# Seersucker Day June 18th



## fishertw (Jan 27, 2006)

Tomorrow is Seersucker Day as proclaimed by Joe Tradly! Don't forget.
Post pictures or descriptions in the AM.
Tom


----------



## eagle2250 (Mar 24, 2006)

I sit here this AM, wearing my (faded) orange and white seersucker jacket, gazing out at the heavy cloud cover and incessant drizzle, while I myself am dressed oh, so Springy...looking like a human creamsicle...and hoping for some sunshine! Next time I think I will stick to the more traditional blue and white seersucker.


----------



## fenway (May 2, 2006)

I am wearing a blue/white Haspel seersucker suit on a dreary New England day. 

Thought about the grey/white or tan/white, but went with the traditional.

Regular tie, no bow.

Slip-ons, no white bucks.

The weather put a damper on my mood.


----------



## Joe Tradly (Jan 21, 2006)

Not a very lovely day in Washington, either.

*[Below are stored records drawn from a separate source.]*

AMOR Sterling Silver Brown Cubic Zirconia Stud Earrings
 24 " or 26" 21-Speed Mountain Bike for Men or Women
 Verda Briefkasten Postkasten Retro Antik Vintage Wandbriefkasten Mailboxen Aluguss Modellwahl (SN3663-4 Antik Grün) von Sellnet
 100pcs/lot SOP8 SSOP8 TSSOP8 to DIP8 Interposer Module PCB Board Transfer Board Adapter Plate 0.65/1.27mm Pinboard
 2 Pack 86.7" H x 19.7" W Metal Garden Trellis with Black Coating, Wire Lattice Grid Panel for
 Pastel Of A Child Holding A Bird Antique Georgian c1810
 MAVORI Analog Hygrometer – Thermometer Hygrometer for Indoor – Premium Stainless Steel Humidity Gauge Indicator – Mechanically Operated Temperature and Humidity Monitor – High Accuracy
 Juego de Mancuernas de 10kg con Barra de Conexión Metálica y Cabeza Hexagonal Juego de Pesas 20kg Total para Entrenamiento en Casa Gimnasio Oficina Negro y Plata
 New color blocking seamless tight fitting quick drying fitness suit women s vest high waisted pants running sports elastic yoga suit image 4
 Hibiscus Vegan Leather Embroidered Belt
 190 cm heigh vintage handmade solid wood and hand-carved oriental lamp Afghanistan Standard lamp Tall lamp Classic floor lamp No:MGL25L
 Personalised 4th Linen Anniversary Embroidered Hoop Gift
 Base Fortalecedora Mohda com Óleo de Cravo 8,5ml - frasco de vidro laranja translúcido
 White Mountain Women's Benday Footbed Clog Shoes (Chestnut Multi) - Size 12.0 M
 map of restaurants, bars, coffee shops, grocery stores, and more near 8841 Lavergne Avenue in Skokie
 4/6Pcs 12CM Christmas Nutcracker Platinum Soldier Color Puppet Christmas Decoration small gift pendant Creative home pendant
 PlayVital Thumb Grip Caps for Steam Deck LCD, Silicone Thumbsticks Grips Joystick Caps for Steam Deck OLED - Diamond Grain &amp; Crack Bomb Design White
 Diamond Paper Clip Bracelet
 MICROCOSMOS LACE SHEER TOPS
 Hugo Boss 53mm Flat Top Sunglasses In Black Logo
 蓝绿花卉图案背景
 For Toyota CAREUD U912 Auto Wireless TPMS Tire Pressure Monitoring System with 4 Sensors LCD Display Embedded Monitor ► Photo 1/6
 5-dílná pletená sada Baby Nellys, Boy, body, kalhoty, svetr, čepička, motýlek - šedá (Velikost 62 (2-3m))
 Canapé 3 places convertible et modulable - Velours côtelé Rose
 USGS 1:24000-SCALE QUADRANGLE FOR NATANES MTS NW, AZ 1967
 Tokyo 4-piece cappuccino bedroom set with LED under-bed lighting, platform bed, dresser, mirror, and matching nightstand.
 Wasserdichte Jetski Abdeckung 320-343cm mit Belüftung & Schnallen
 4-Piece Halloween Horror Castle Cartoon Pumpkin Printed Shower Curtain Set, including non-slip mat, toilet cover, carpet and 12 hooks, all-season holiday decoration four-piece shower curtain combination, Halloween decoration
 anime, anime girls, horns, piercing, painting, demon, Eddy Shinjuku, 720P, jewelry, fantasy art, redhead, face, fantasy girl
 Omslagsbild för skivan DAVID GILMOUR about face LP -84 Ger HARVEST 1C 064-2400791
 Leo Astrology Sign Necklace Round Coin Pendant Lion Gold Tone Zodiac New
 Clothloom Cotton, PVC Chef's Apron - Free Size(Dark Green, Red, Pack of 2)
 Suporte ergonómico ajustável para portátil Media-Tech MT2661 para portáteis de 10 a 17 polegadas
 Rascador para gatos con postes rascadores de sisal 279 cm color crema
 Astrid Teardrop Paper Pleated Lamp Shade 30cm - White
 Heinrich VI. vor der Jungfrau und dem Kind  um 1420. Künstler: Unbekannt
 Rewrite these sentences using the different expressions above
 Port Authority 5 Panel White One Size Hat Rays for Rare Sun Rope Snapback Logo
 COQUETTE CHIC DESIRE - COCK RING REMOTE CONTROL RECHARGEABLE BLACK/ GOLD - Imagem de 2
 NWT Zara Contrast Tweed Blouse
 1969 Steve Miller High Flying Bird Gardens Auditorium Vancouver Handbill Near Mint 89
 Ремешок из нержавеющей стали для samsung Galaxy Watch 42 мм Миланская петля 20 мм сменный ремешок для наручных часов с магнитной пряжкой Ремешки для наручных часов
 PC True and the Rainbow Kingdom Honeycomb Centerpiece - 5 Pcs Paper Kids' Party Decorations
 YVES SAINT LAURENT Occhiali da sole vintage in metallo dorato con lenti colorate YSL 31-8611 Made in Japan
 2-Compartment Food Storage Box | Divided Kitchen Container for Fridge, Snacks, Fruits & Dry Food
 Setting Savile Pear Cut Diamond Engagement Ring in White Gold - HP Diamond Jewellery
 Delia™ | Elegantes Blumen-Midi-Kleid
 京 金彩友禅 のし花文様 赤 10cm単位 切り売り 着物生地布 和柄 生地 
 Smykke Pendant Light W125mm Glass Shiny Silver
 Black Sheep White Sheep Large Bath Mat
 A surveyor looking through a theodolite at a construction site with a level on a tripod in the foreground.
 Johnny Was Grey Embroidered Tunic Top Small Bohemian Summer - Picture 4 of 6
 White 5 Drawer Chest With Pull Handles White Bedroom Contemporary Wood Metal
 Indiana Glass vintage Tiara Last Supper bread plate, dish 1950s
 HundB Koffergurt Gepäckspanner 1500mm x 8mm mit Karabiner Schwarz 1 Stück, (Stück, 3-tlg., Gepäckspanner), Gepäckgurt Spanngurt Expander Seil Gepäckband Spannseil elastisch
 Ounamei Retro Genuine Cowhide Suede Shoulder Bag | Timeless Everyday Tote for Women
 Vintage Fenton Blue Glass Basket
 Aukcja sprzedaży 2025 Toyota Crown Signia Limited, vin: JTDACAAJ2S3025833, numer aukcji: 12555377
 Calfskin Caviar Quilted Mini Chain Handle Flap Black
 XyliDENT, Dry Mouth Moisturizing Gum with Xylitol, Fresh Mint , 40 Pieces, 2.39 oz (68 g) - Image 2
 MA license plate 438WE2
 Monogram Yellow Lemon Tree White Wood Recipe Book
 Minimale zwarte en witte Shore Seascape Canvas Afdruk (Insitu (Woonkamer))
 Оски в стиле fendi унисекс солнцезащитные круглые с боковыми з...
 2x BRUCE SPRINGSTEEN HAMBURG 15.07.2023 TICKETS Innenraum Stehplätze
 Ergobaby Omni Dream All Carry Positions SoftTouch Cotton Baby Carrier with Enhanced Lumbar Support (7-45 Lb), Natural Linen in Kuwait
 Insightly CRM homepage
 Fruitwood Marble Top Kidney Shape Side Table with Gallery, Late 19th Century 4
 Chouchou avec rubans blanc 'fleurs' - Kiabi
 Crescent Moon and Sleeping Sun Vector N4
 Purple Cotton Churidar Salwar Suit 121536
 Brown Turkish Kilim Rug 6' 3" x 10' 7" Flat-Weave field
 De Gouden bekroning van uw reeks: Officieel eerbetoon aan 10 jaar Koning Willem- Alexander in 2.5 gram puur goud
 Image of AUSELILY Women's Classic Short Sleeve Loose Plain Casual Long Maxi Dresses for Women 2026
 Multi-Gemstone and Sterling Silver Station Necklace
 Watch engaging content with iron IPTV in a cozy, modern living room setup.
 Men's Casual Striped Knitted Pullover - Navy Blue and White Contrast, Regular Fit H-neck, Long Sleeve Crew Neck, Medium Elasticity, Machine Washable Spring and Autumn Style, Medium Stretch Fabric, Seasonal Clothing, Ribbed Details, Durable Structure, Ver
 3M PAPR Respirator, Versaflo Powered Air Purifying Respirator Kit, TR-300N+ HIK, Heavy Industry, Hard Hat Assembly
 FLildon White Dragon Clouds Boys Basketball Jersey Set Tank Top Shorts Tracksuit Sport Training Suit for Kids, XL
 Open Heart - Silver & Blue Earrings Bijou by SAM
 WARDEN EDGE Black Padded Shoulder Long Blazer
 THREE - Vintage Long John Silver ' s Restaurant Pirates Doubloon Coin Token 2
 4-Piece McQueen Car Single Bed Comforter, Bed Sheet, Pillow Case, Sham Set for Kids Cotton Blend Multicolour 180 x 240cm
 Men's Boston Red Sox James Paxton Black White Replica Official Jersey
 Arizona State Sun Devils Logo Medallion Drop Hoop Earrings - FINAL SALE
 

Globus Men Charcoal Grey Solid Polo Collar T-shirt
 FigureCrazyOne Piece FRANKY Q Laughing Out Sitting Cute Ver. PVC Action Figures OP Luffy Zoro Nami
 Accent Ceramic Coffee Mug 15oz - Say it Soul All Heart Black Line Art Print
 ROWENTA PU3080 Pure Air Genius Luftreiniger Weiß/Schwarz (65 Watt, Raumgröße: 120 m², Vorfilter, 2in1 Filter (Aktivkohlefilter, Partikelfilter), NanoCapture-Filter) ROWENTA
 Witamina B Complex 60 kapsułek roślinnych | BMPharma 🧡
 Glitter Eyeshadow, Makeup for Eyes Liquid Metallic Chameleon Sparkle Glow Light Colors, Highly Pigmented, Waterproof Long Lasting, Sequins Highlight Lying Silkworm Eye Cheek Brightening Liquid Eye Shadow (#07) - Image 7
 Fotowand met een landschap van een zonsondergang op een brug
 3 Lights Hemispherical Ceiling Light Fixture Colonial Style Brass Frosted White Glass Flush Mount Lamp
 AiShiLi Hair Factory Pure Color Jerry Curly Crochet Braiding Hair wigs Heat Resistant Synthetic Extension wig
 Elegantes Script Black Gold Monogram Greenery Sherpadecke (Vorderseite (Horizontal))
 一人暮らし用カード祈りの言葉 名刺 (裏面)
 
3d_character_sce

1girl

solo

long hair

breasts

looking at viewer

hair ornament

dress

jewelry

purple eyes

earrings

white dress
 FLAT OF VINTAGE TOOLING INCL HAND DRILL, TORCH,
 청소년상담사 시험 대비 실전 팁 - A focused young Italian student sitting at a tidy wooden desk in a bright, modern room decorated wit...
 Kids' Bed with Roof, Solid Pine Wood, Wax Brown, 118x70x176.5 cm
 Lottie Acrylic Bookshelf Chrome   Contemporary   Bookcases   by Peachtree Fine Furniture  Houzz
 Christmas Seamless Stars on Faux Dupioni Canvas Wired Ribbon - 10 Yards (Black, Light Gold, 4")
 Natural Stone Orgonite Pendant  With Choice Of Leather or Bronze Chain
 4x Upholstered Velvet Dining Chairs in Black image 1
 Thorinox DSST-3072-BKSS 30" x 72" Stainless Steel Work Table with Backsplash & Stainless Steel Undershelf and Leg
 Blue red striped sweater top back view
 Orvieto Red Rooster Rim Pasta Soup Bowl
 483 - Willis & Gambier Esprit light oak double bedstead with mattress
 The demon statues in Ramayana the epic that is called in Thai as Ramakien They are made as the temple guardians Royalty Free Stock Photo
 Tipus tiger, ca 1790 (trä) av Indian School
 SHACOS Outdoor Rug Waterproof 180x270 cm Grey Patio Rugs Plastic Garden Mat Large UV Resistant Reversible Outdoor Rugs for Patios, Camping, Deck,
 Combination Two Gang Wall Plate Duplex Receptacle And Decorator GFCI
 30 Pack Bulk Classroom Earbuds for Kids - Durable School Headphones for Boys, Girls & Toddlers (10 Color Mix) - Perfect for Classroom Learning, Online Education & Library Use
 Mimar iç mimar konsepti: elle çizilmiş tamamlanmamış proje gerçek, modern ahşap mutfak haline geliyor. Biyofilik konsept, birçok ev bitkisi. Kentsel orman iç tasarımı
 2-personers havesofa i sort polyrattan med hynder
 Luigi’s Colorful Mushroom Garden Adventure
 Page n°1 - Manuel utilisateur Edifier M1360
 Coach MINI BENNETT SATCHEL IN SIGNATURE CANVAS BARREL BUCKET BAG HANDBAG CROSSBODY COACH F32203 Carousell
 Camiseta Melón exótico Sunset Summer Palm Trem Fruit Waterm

Sorry for the crappy picture.










The details:
J Press seersucker suit
BB ocbd
Ben Silver "University of Edenbourough" tie (no, did not attend)
[not pictured, BB navy blue socks, burgundy weejuns and Central #1]

JB


----------



## Patrick06790 (Apr 10, 2005)

Not happening here, alas. Pouring and 55 degrees.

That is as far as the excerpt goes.